9/03/2007 Posted by Admin

An animated museum piece

(Originally published 2003)

Walt Disney's “Brother Bear” is that increasing rarity, an animated feature that eschews computer animation in favor of the traditional, hand-painted, 2-D variety. It’s almost a museum piece.

Adhering faithfully to the Disney formula and lifting liberally from a number of their more successful movies—“The Lion King,” “Bambi” and “Pocahontas,” to name a few--the movie is hardly as fresh as Snow White’s laundry. Still, in directors Aaron Blaise and Robert Walker’s hands, it does have its moments, some of which are thrilling and moving.

The opening song by Tina Turner, “Look Through My Eyes Great Spirits,” is especially strong. It has momentum and power, a welcome reprieve from the rote, indistinguishable songs sandwiched onto the soundtrack by Phil Collins, who does his damndest to channel Elton John’s work in “The Lion King.”

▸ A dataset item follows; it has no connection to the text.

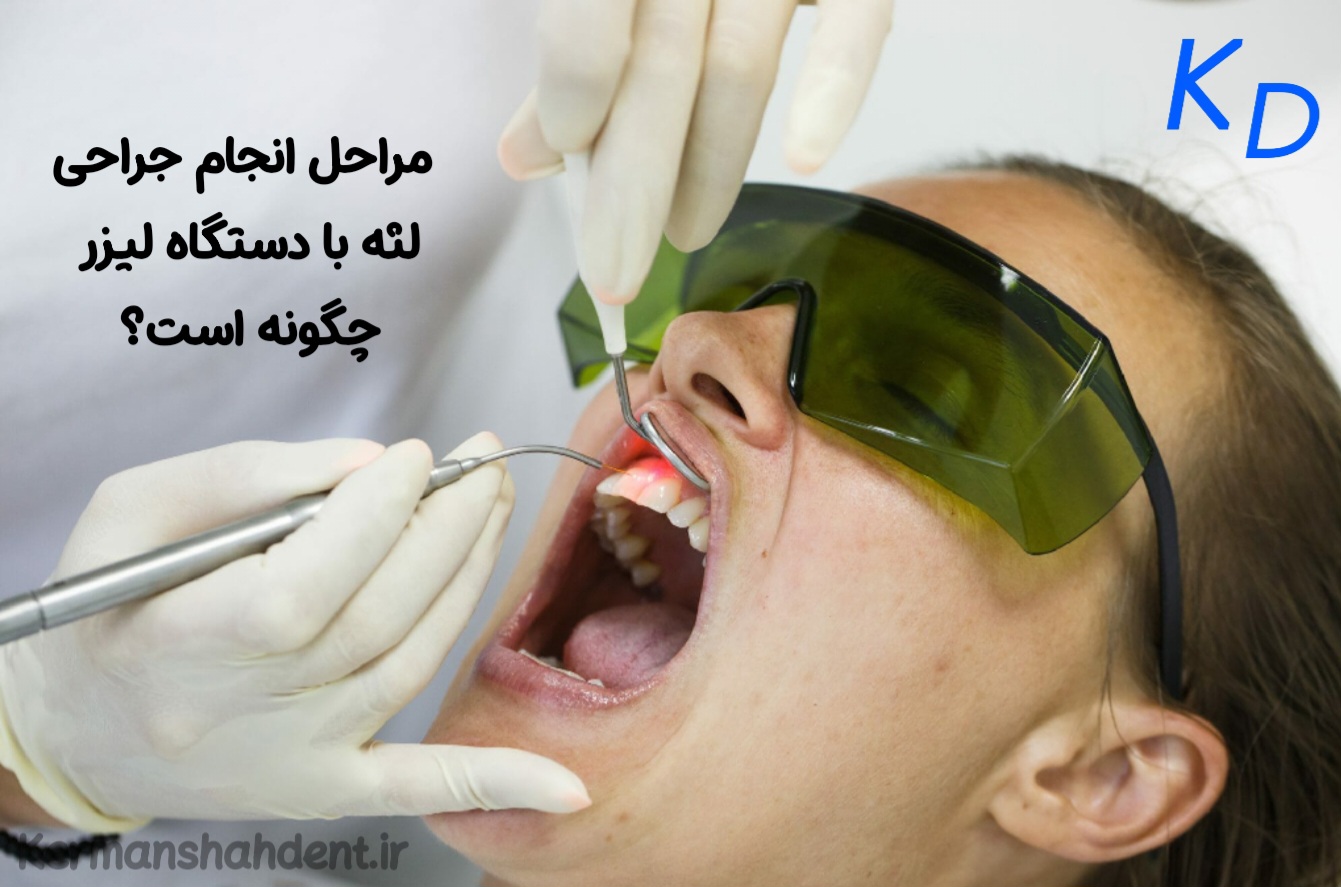 مراحل انجام جراحی لثه با لیزر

Set in the Pacific Northwest, the movie takes place thousands of years in the past.

There, in a spiritual ceremony set high above a mountaintop aglow with the Northern Lights, young Native American Kenai (voice of Joaquin Phoenix) is on the verge of receiving what his two older brothers, Sitka (D.B. Sweeney) and Denahi (Jason Raize), have already received before him: a special totem that will mark his transition from boy to man.

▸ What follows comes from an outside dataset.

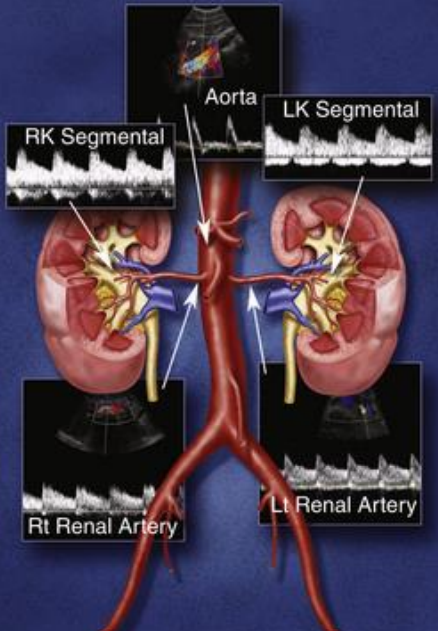 <p>Renal arteries have ___ resistance waveforms</p>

Unfortunately for Kenai, the totem he receives is in the shape of a bear, which he dislikes. Worse, he learns from the shaman Tanana (Joan Copeland) that his quest in becoming a man doesn’t involve conquering the world with brute force and machismo, as he’d like, but to find love in all things.

From this, a dramatic series of events ensue: In an effort to prove his manhood, Kenai sets out to kill the mother grisly bear who steals his basket of fish and then, in turn, his brother Denahi.

In an unnervingly well-done scene, he succeeds and, almost immediately, is summoned by the Great Spirit and transformed into a bear himself. It’s his journey back to human form that the film follows, with Kenai reluctantly bonding with an orphaned baby bear named Koda (Jeremy Suarez) and, along the way, two loony moose, Rutt (Rick Moranis) and Tuke (Dave Thomas).

This is a looser work than the studio’s last movie, “Finding Nemo,” and it’s meant to be. As such, its story doesn’t feel pressed to compete with the animated detail offered by a super-charged, Pentium-powered chip.

It chooses its moments wisely to fully reveal the power of hand-painted animation, such as in the way the sun dapples unexpectedly upon a face as it moves from the shadows or when an avalanche erupts onscreen with devastating success. Moments and scenes like this give “Brother Bear” an identity it otherwise would have lacked, which is perfect since finding one’s identity is exactly what the story is about.